Reel last night also noted multiple places in the BOA text seem to relate to the facsimile(s) in a way that it would be entirely strange that somehow these two things aren't related by yet their similarities are there such as Abraham 1:13 which clearly "appears represented" by the facsimile.  And another .  

Even as Skousen suggests part of 14 or maybe all of it is a later addition (Vogel shows this can't be) the verse itself imposes a connection to the facsimile.

 

Quote

Abraham 1:14 That you may have an understanding of these gods, I have given you the fashion of them in the figures at the beginning, which manner of figures is called by the Chaldeans Rahleenos, which signifies hieroglyphics.

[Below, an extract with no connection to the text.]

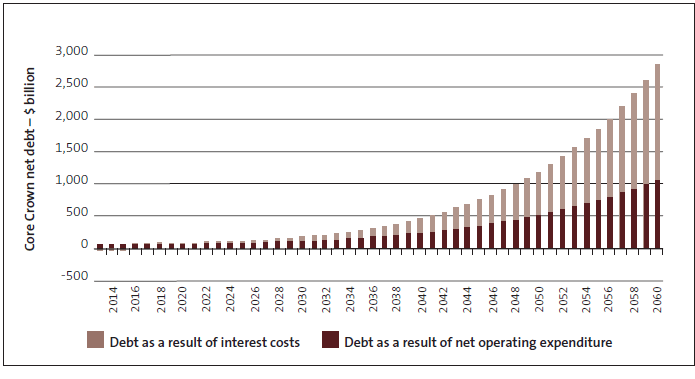 figure9.gif Figure 9 Contribution of net operating expenditure and interest cost to net debt, 2013 to 2060.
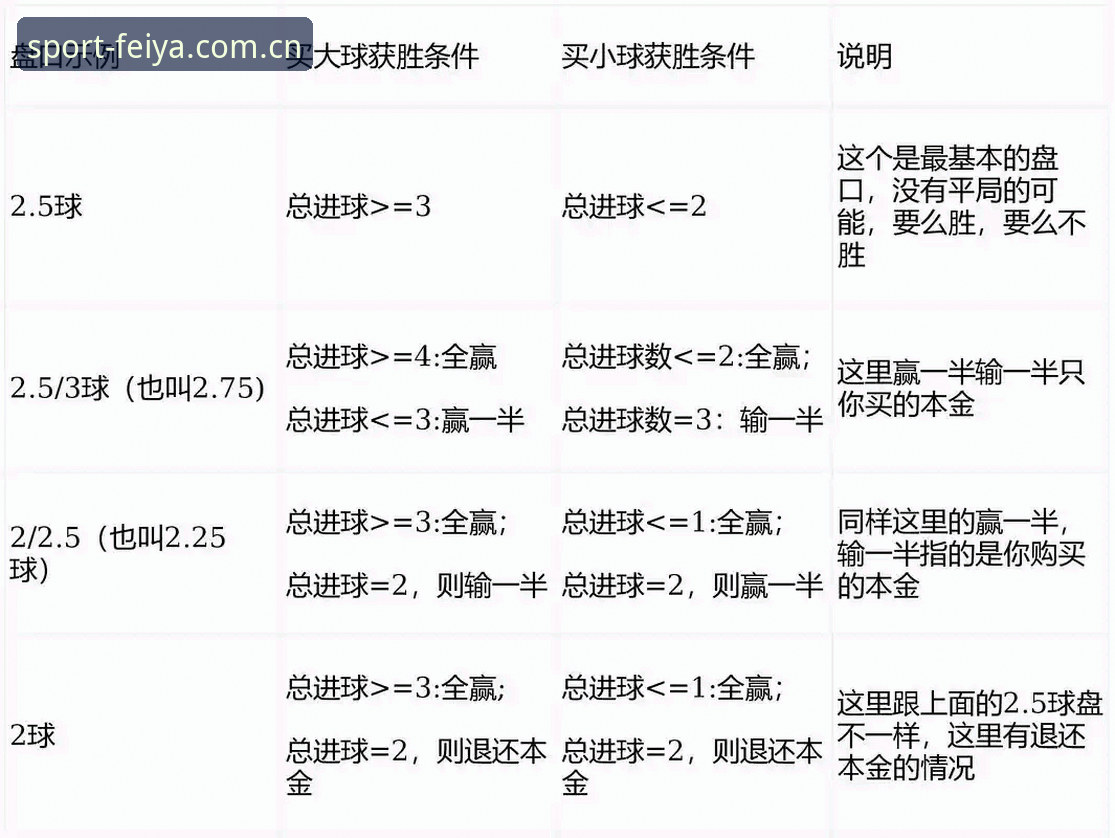 飞亚体育官方下载足球数据教程：从安装到看懂盘口，一篇讲透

How does Joseph know "which manner of figures is called by the Chaldeans Rahleenos, which signifies hieroglyphics" unless either he is making it up or God has told him the unknown meanings of how his "Catalyst revelation" is both connected to the facsimiles and that figures are called by the Chaldeans "Rahleenos" meaning "hieroglyphics".  

That makes no sense outside of that.

This isn't getting better.  It seems clear their are three options after their past two episodes.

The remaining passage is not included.